# Liquid Latex + Brain Mold???



## Llasd87 (Aug 7, 2013)

So my local Halloween store just opened (Spirit) and I just bough a brain mold that you can use to make a jello brain. Instead of using jello, I was planning on using expanding foam to create a brain prop, but realized I didn't have any. However; I do have a fairly large amount of liquid latex. Can I use liquid latex to make the brain, or is it not such a good idea?


----------



## RoxyBlue (Oct 6, 2008)

If you just fill the mold with liquid latex, it will likely never dry properly. It needs to be applied in layers.

Here's a useful link with some information about liquid latex:

http://www.liquidlatex.com/aboutlatex1.html


----------



## Bone Dancer (Oct 7, 2005)

Here is a link to another option for making a brain.
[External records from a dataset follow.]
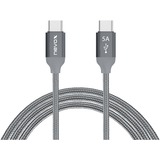 Nevox 1652 cavo USB 0,5 m USB 2.0 USB C Argento grigio, 0,5 m, USB C, USB C, USB 2.0, 480 Mbit/s, Argento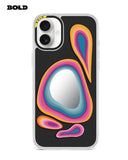 Black, Pink and Orange - iPhone 16 Plus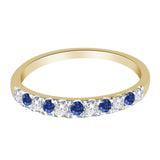 Diamond Sapphire Wedding Band Ring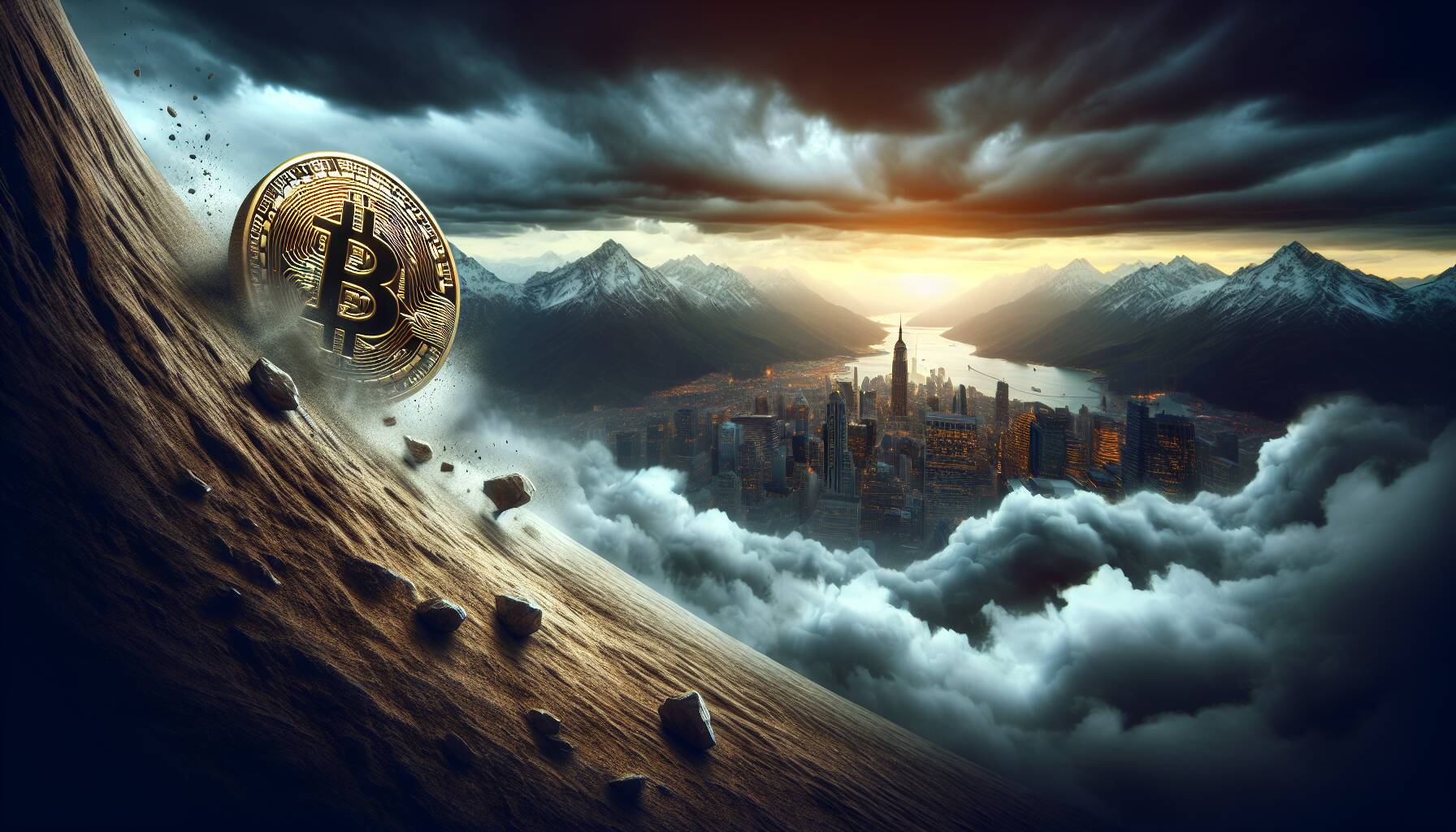 Crypto market faces steep decline amid economic uncertainty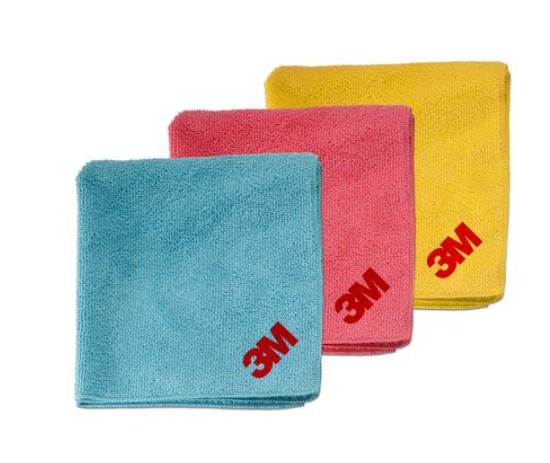 3M Perfect-it III Hochleistungs-Poliertuch rosa, blau oder gelb (1 Stk)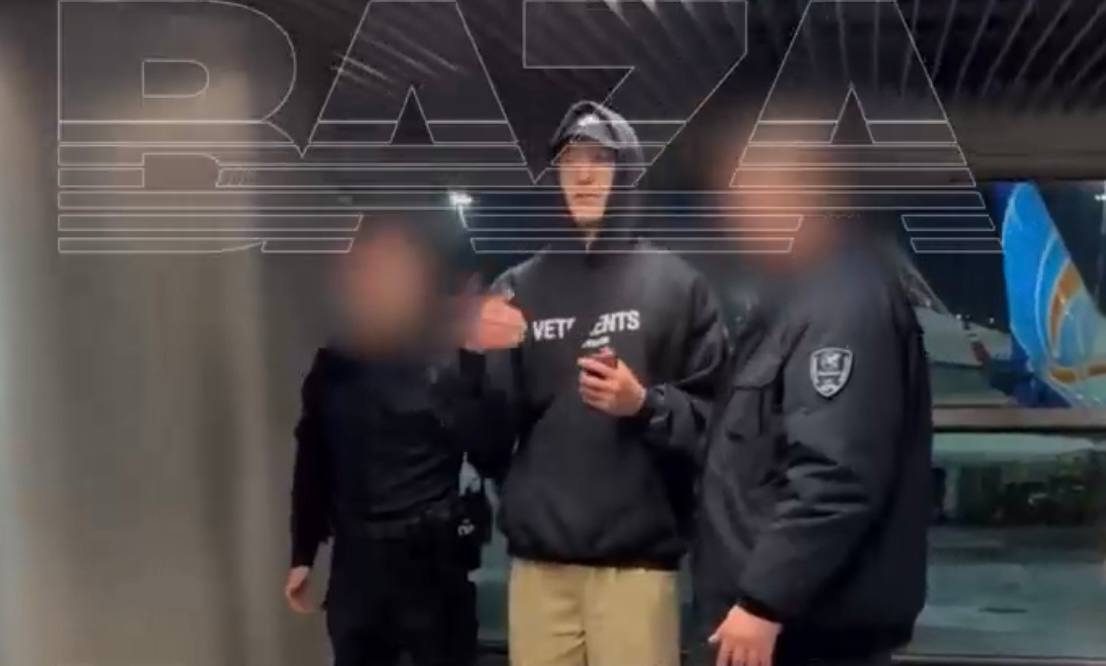 Задержание в аэропорту. Источник: ТГ-канал Baza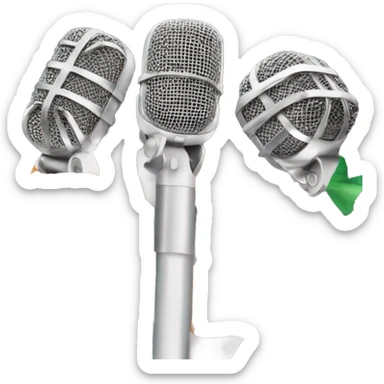 One Direction's microphones, for example, Niall's is with the Irish flag, they are like this one 🎤 but the handle is the color of each member sticker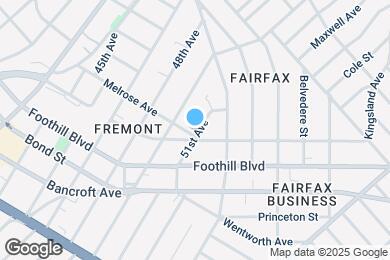 Map image of the property - 5040 Melrose Ave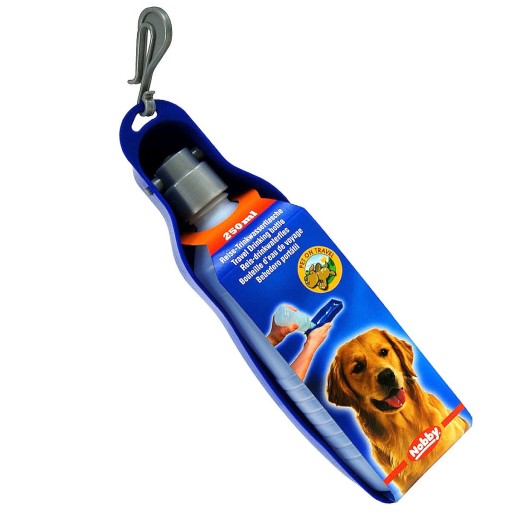 Turistická nádoba na vodu, fľaša pre psa, 250 ml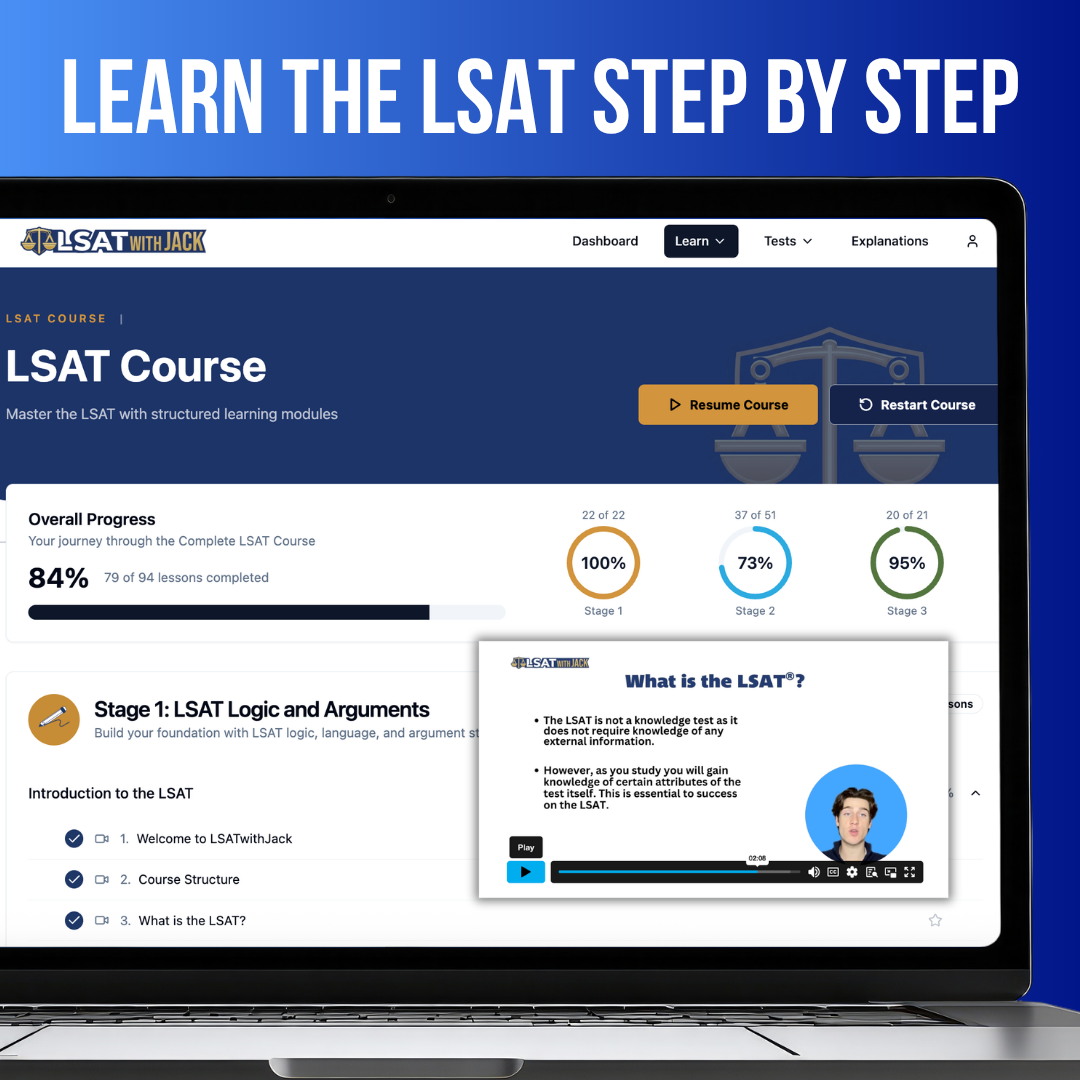 LSATwithJack Learning Platform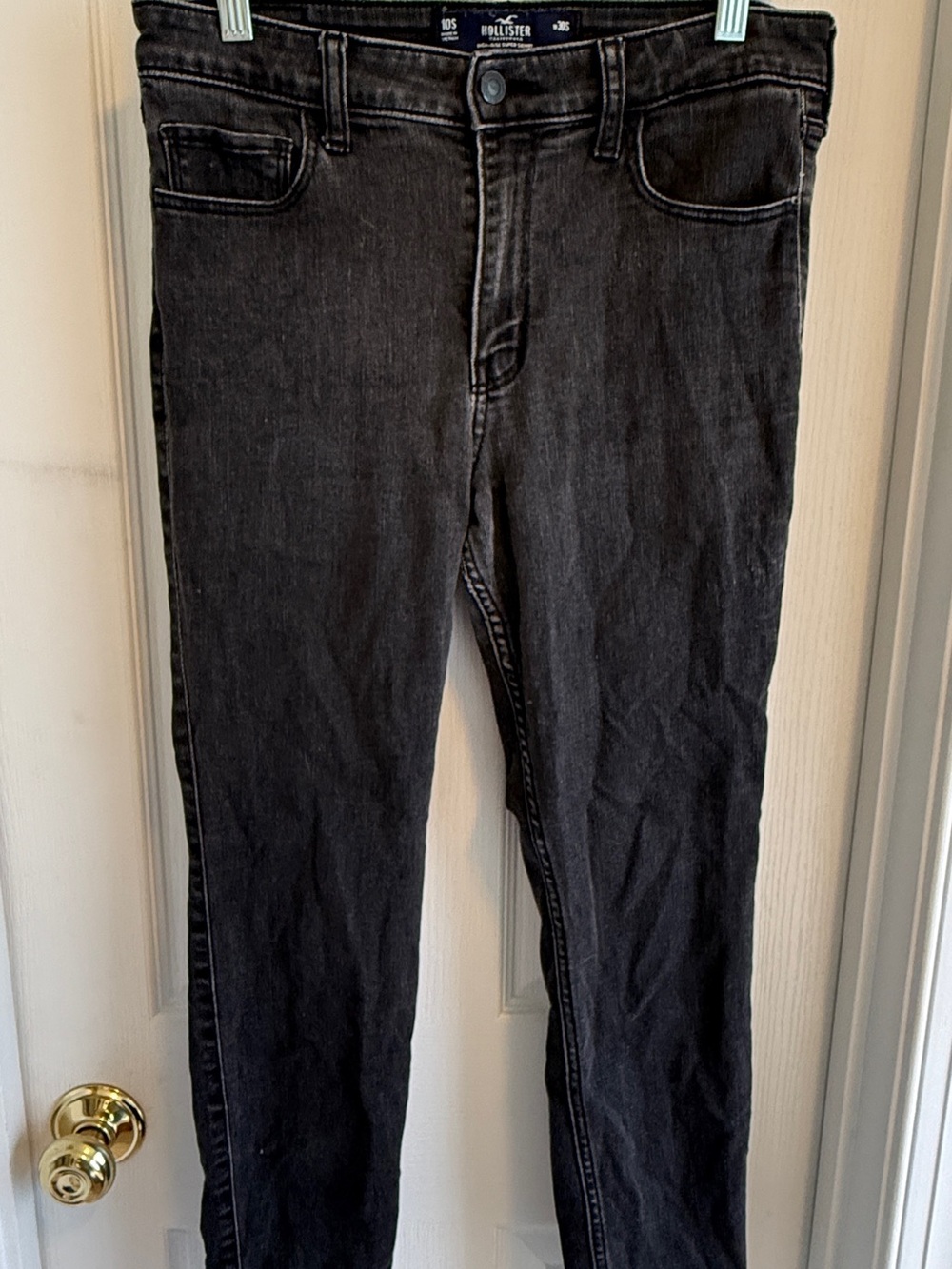 Hollister Black High Rise Skinny Jeans - Size 10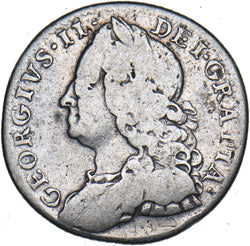 1757 Sixpence - George II British Silver Coin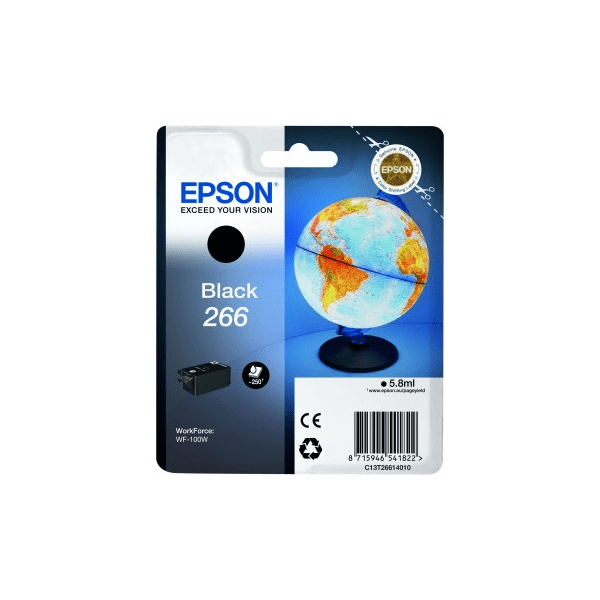 Epson 266 Globe Black Standard Capacity Ink Cartridge 6ml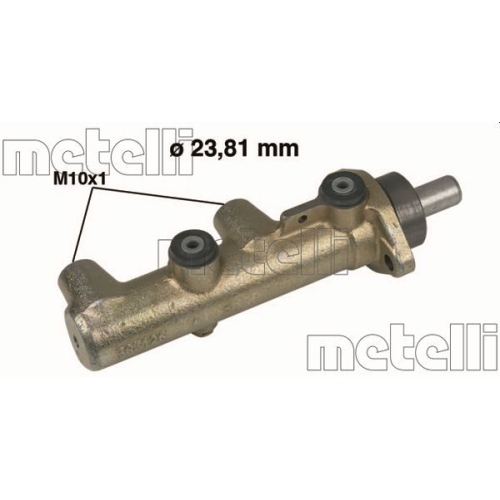 Hauptbremszylinder Metelli 05-0237 für Citroën Fiat Peugeot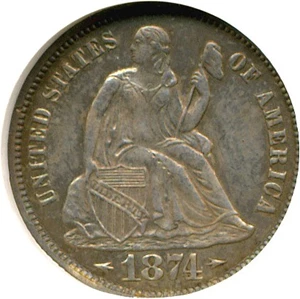 image for: 1874 10c Arrows NGC Proof 63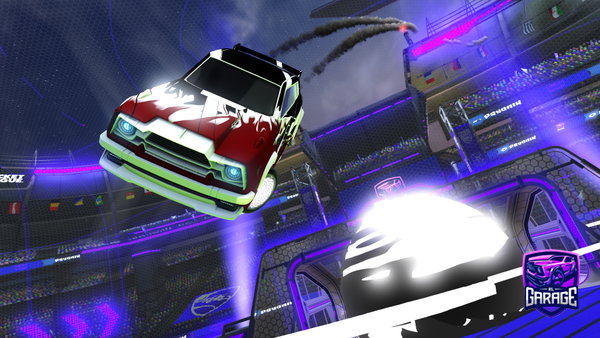 A Rocket League car design from Noodle_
Allen has alot of how to videos that are worth looking at.


----------



## fontgeek (Jul 24, 2006)

In answer to your question, yes, you can use the latex, but as Roxy pointed out, if you try to do it all in one big pour, it won't cure correctly (if ever).
You can put some latex in the mold, and tilt and swirl it around to coat the interior of the mold, let that cure, then do another layer, and so on. I don't know whether you actually want to make that thing solid latex or not, if not, you can use a balloon or a bunch of plastic bags after you have done a few layers of latex, to to take up some of the space/bulk as you add in more latex on and around it. If you are going to want the brain to be able to pulse once it's done, then using a balloon or other bladder that has the nozzle/opening left exposed will allow you to use it that way if you wish to. Lots of light layers gives you more control and helps insure an even coating as well as a faster dry/cure time.


----------



## Llasd87 (Aug 7, 2013)

Bone Dancer said:


> Here is a link to another option for making a brain.
> 
> Video Link:
> 
> ...












Is this the stuff he is using? Or is it the wrong kind? Found it just sitting in the garage.


----------



## BioHazardCustoms (Aug 5, 2009)

IF you're wanting a rigid brain from the mold, I suggest watching Allen's video on making a foam filled head from a cheap Halloween mask. It works on those plastic molds, too.


----------



## Bone Dancer (Oct 7, 2005)

Llasd87 said:


> View attachment 3429
> 
> 
> Is this the stuff he is using? Or is it the wrong kind? Found it just sitting in the garage.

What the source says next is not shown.